Blackwell was an important pillar in the civil rights movement in the South. She served as a project director and field secretary for the Student Nonviolent Coordinating Committee (SNCC), helping organize voter drives for African Americans across Mississippi.
Those efforts landed her in jail at least 70 times, she said, for trying to register black Mississippians to vote.
“I was put into the position of learning to survive, someway and somehow, by being black and in this country,” Blackwell said in a 1977 oral history interview with the University of Southern Mississippi. “But also being black and in this country, you learn a great lesson, and this is how to overcome… It’s that power to move in the midst of opposition.”
During her life, she served as an adviser to Presidents Lyndon Johnson, Richard Nixon, Gerald Ford, Jimmy Carter, Ronald Reagan and Bill Clinton.
Born in Lula in 1933 into a sharecropping family, Blackwell left Mississippi as a child to attend school in West Helena, Arkansas, because black children weren’t allowed to consistently attend school at that time in the Mississippi Delta. As a teenager, she married and moved to Florida, where she worked in fields and odd jobs, like at a canning factory during certain harvest seasons.
She and her family moved back to Mississippi, settling in Mayersville in Issaquena County, in 1962 — as important years in the civil rights movement were on the horizon.

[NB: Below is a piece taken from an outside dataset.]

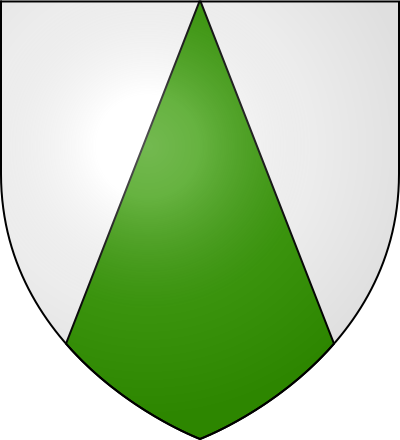 Blason de la commune Miremont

“Mississippi, you know, people want to know why we are still here and why do we stay here. But Mississippi is home,” Blackwell said in a 1986 interview with Washington University in St. Louis. “It’s a place where I was born, reared on the land. The land is important to us. It was, it was the mean of the hard work, but it, it made us angry, it made us happy, it made us all these things, you know, but we was connected with the land.”
Blackwell continued: “Because we as black people, in the state of Mississippi and especially in the Mississippi Delta, worked the land. We didn’t own the land but, but we worked the land and so everything was tied around this land. And I feel that that’s the reason why I love Mississippi. It’s ours.”
Almost immediately after she moved back to her home state, she began volunteering with voter registration efforts and met key activists in the state like Bob Moses, Stokely Carmichael, Aaron Henry and Ed Brown.
During the 1964 Freedom Summer, Blackwell was elected a member of the executive committee of the Mississippi Freedom Democratic Party and traveled to Atlantic City as a part of the delegation — including Fannie Lou Hamer and Henry Sias — that served as an alternative to the all-white Mississippi delegation at the 1964 Democratic National Convention.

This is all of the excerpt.